Im not sure what type of algae this is if any. It is all over my bylxa and it looks bad. It is a brownish/grayish color and appears fluffy. It almost looks like a build up of mulm but its not. Any help would be great srry for the bad pics


----------



## jmontee (Feb 7, 2008)

Wow that's so weird it almost looks like giant water spots on the glass!!

But seriously, how long has this tank been running? Could it be diatoms/brown algae? his is pretty common in newly set up tanks and usually goes away on it's own. Otocinclus love the stuff. I am just guessing here as it is pretty impossible to tell anything from those pics.


----------



## Tex Gal (Nov 1, 2007)

jmontee said:


> Wow that's so weird it almost looks like giant water spots on the glass!!

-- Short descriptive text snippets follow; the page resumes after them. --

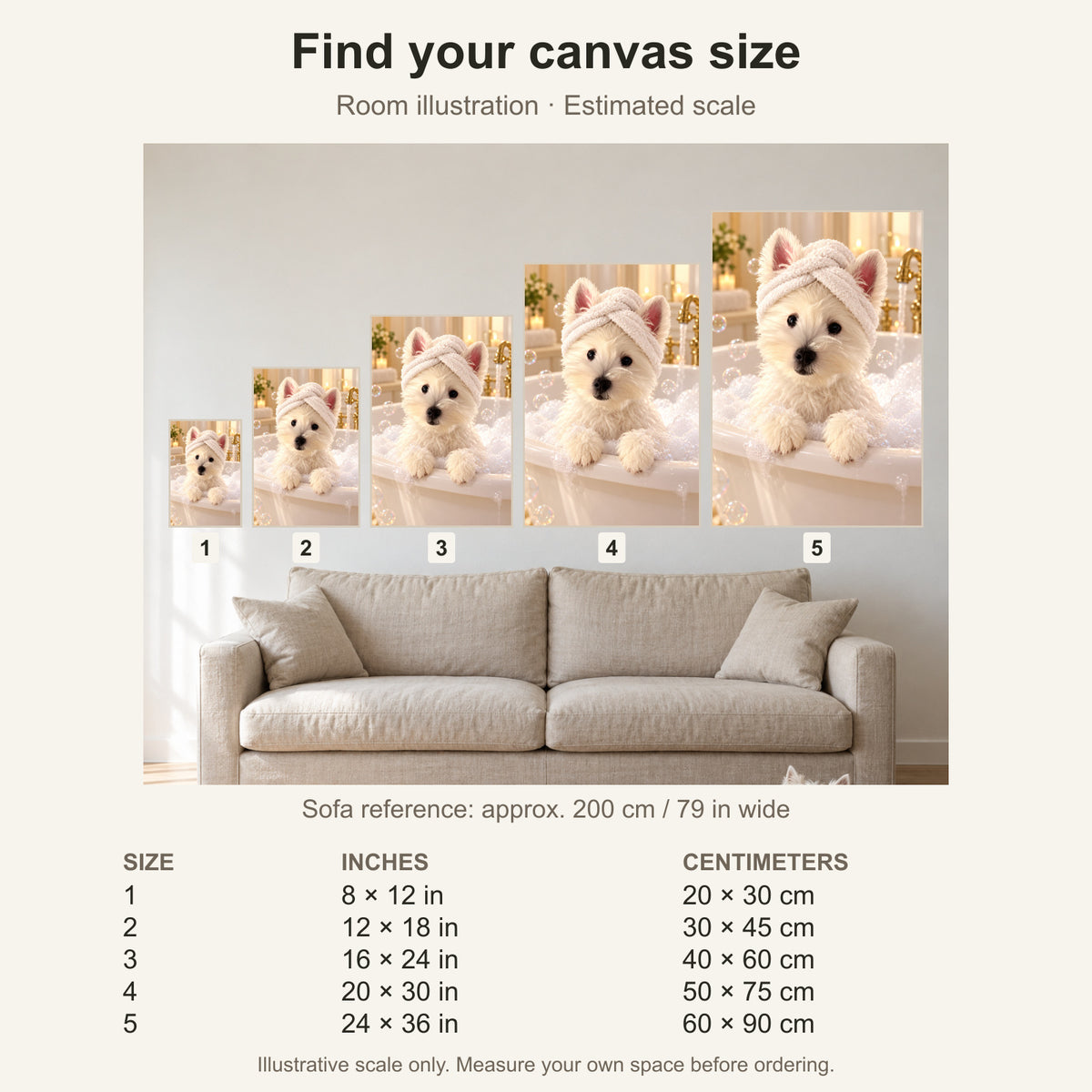 Custom Spa Day Pet Portrait Canvas — five canvas sizes with estimated sofa scale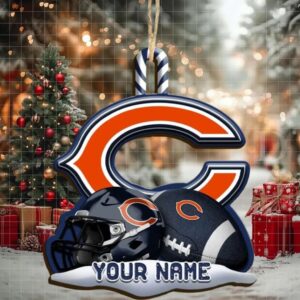 Personalized Chicago Team Bears Sport Christmas Ornament, For Football Fan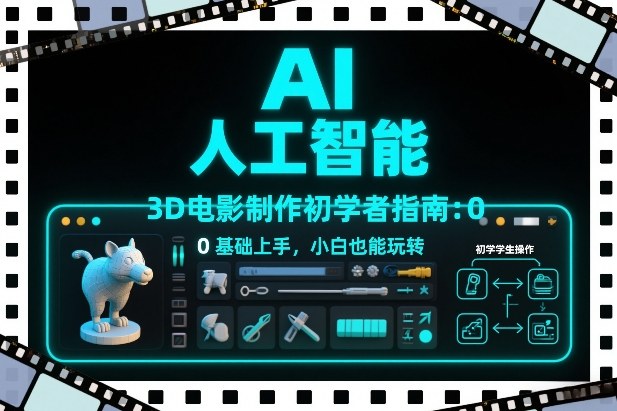 AI人工智能3D电影制作初学者指南:0基础上手,小白也能玩转网创吧-网创项目资源站-副业项目-创业项目-搞钱项目网创吧
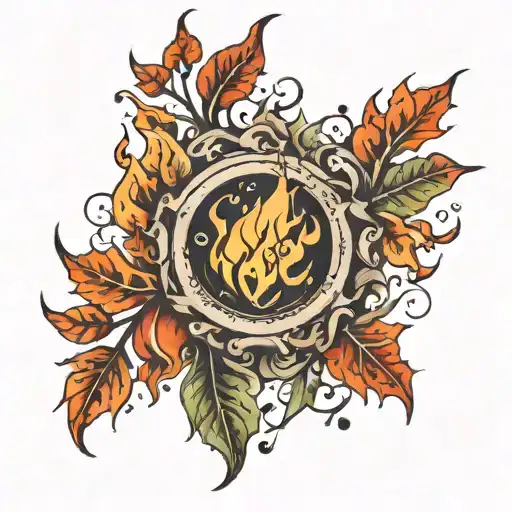 Fire And Leaves Growing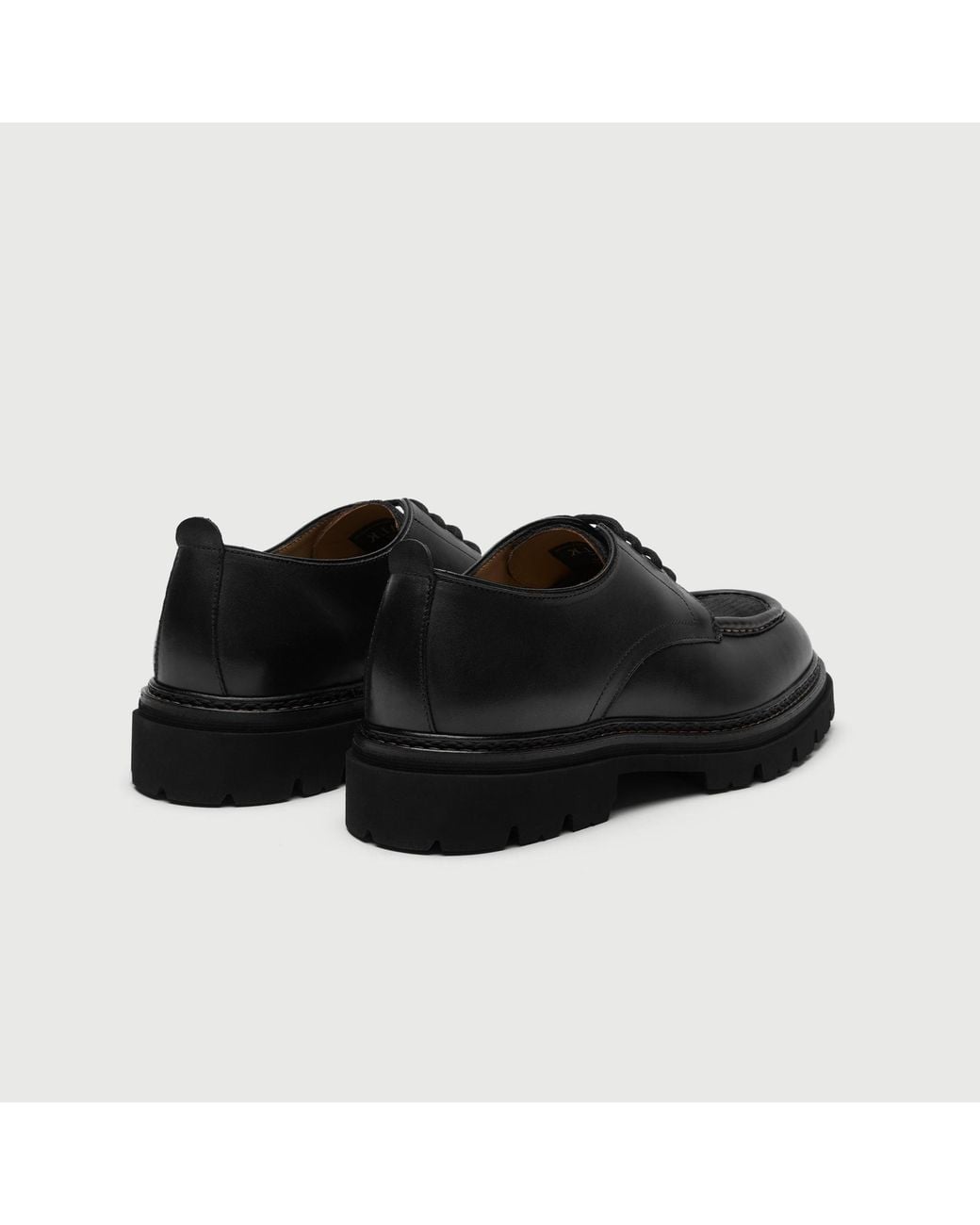 Walk London Black Farringdon Apron Shoe for men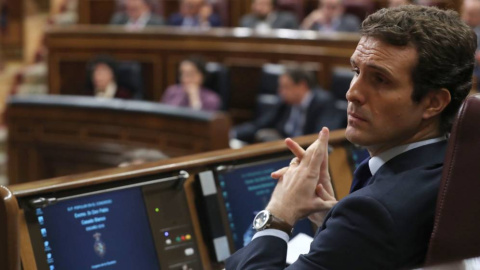 El líder del PP, Pablo Casado, en el Congreso. EFE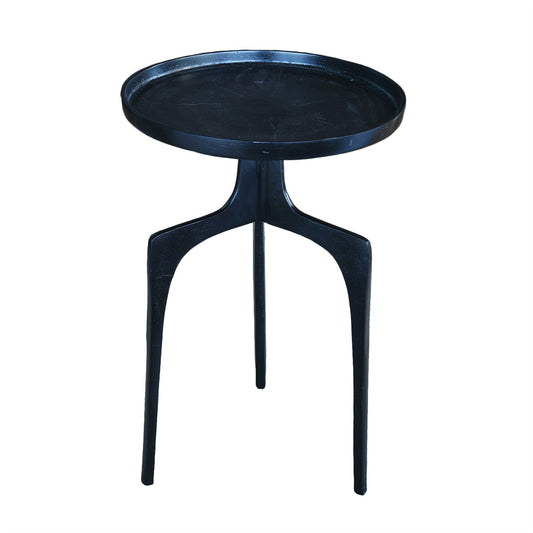 HomeRoots Contemporary Side Table in Bluish Black Finish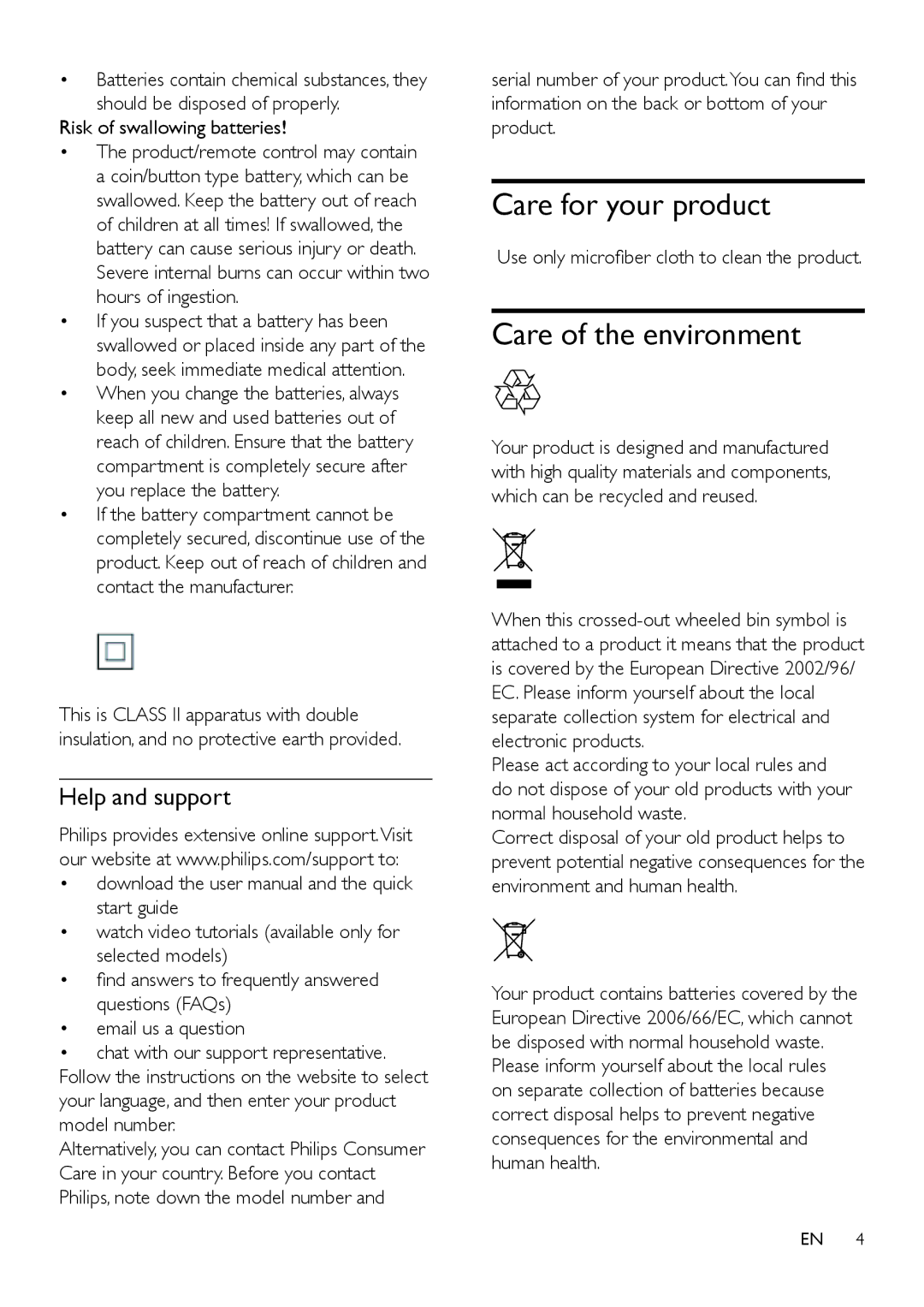 Philips HTL2160 user manual Care for your product, Care of the environment, Help and support, Risk of swallowing batteries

lol. Note to self: Clean glass BEFORE taking pxs.


----------



## new2plnts (Jul 8, 2008)

haha ok will get some new pics up dont think it diatoms as tank has been set up for a year. I figured you guys are such experts that water spots wouldnt stop you.


----------



## Quetzalcoatl (Feb 13, 2009)

From my experience, diatoms appear even on mature tanks. It is usually very difficult to completely get rid of diatoms. They will appear out of nowhere. Good news is that you can get scrape them real easily using credit cards.


----------



## Quetzalcoatl (Feb 13, 2009)

I should clarify. Credit cards only work on diatoms on the aquarium grass. If diatoms are on plant leaves, you can use a diluted vineger if the plant leaves are strong like anubias. Otherwise just cut the leaves off.


----------



## Christian_rubilar (Jul 21, 2005)

Hi, try to identify the algae your self, it is always better. Take a look at the algaefinder. If you don't find it there, take a look at this algae article / thread:
http://www.drpez.net/panel/showthread.php?t=154436
if you go down you will find the algae chapter, there you can identify the algae. There are also protocols about how to deal with them.


----------



## DMHdispute (Oct 23, 2007)

I am dealing with some algae also, so thanks for that link.


----------



## Newt (Apr 1, 2004)

Looks more like a fungus than any algae I've seen.


----------